88. PW6 the investigating officer did produce as Exhibits various documents and items;a.Exhibits 1 & 2 were logbooks for the stolen motor vehiclesb.Exhibits 3 & 7 were contracts signed by the appellants as they took the motor vehicles, signed using the false names.c.Exhibit 4 was the fake identity card of the 2nd appellant bearing the names Geoffrey Mutua.d.Exhibit 5 & 8 were the fake driving licence used by the appellants.e.Exhibits 9 & 10 were the genuine national identity cards of both appellants.f.Exhibits 14 (a & b) were letters to NTSA to confirm the driving licence and response confirming that the said driving licences were fake.g.Exhibit 13 was the DCI letter to Registrar of persons with details on Id numbers they wanted investigated.
89. PW7, the Registrar of persons also testified as to his findings on the national identity cards sent to him for verification and confirmed that the identification cards used by the appellants being Id/No 2584xxxx and Id/No 2511xxxx belonged to other parties, who were not the appellants. The said report was produced as Exhibit 14(a & b).

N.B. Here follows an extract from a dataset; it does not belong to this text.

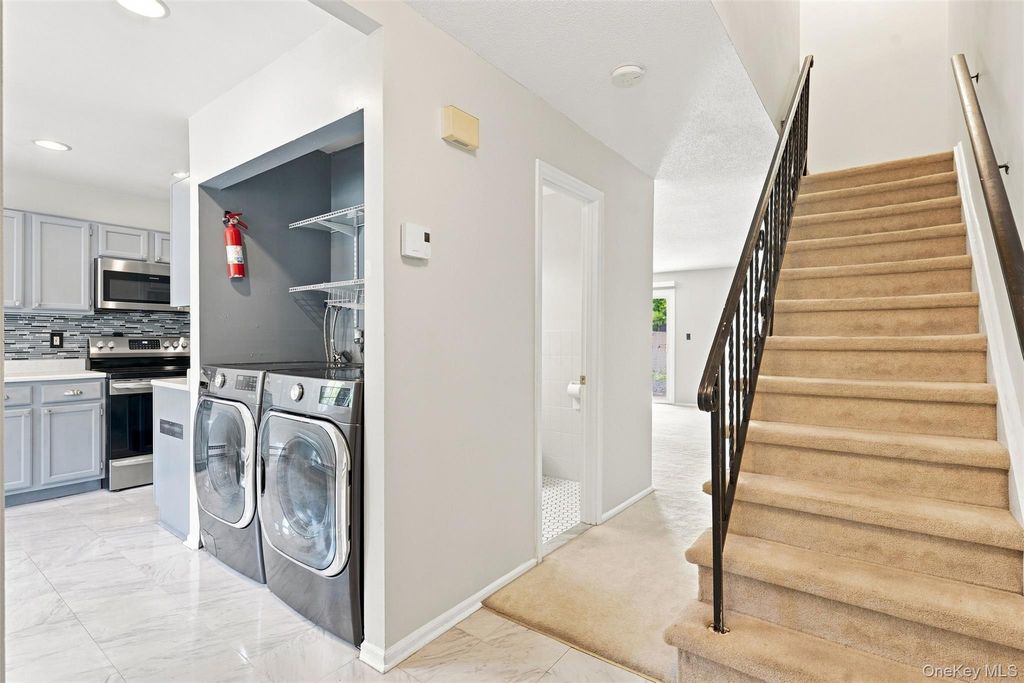 7 Roundtree Court, Beacon, NY 12508 — photo 4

He further his report as Exhibit 15 (a & b) with regard to the appellants national identification cards.
90. The prosecution thus adequately discharged the burden of proof as was required of them and the appellant grounds of appeal on this score have no merit.Whether the 1st appellant was convicted on a defective charge sheet, which had duplicity of charges
91. The 1st appellant submitted that he was charged with the offence of conspiring to commit a felony contrary to section 393 of the penal code and stealing a motor vehicle contrary to section 278(A) of the penal code. These were two offences in a single charge sheet and thus the charges were duplex as the offence the 1st appellant is alleged to have conspired to commit was complete and thus he should have been charged with the committed offence and not one of conspiracy.

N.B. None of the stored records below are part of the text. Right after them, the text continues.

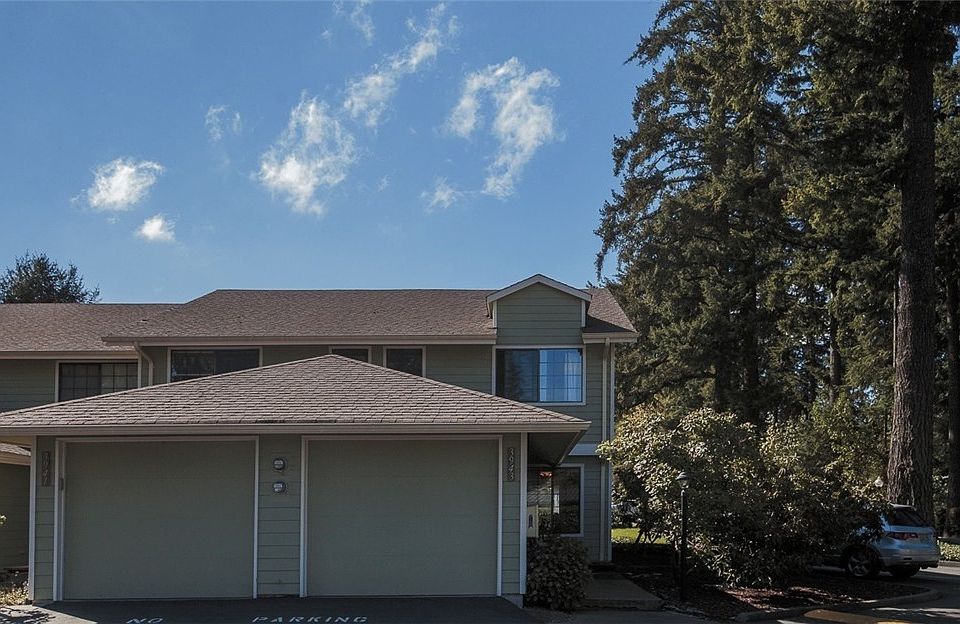 1st image of 3943 NW Fairway Ln #2-A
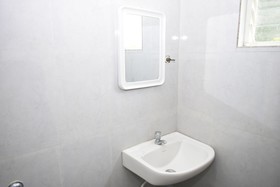 Great Guest House White Town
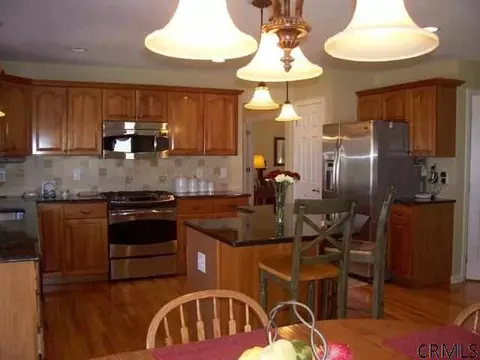 41 Ginger Ter, Clifton Park, NY 12065 photo 4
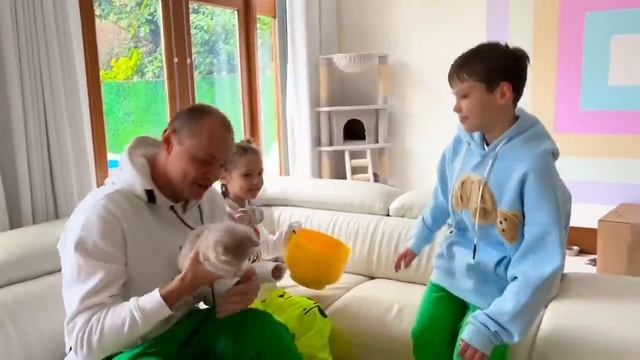 Мистер Макс Алфавит Челлендж на покупки от Макс и Катя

92. He further submitted that given the duplex nature of the charge, it rendered the conviction manifestly unsafe as the charge sheet was defective and it was thus in the interest of justice to acquit the 1st appellant.
93. The respondent submitted that the said charge sheet was not defective and duplicity could only arise on the “count” and not on the “charge”. The particulars of all the offences were clearly stated and conformed with provisions of Section 134 of the criminal procedure code. Count 1 and count 2 brought out clear and distinctive charges and no objection was raised by the 1st appellant during trial and no finding on the same was made. The 1st appellant thus could not be heard to complain about the said issue at this stage.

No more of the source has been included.